It’s become a tradition in the Beehive State. Every summer over the past decade, volunteers from the Rocky Mountain Elk Foundation gather for their summer rendezvous somewhere in the mountains of Utah to construct or shore up wildlife water sources, or guzzlers, for the benefit of elk and many other species of bird and animal life.
In 2020, 47 volunteers from six RMEF chapters, including six children, worked alongside nine other volunteers in the Last Chance area of the Fremont River Ranger District on the Fishlake National Forest in the central part of the state. The area is an incredible wildlife habitat ecosystem with a variety of vegetation types and elevations. It serves as summer range in the higher elevations while the lower elevations serve as transition and winter range, however water is lacking and drought conditions seem to be more frequent.
Volunteers rolled up their sleeves and erected approximately two acres of new fencing around newly installed guzzlers, four 1,800-gallon units for big game and one smaller unit for sage grouse. Fencing is utilized to be wildlife-friendly yet restrictive for livestock.
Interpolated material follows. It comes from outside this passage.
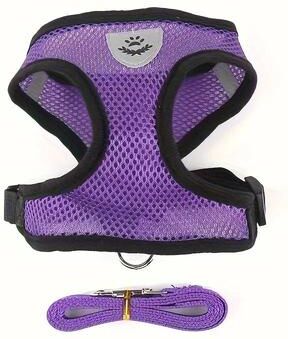Uplifted Finds Escape Proof Breathable Mesh Cat Harness purple s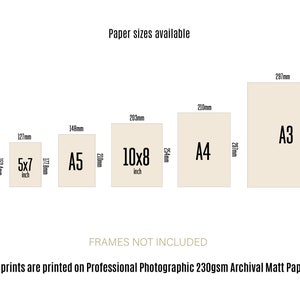 May include: Image detailing print sizes: 6x4 inch (101.6mm x 152.4mm), 5x7 inch (127mm x 177.8mm), A5 (148mm x 210mm), 10x8 inch (203mm x 254mm), A4 (210mm x 297mm), and A3 (297mm x 420mm). Text: "Paper sizes available".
Guzzlers are systems that collect and store water from rain or snow for wildlife to drink during dry, arid parts of the years.
Since 2011, RMEF volunteers installed, fenced and/or funded the construction of 24 water guzzlers on the Fishlake, Manti, Monroe Mountain and Pahvant Elk Management Units and the Pine Valley Deer Management Unit. Along the way, volunteers developed both a knowledge and drive to get the job done. And they have a good time, too.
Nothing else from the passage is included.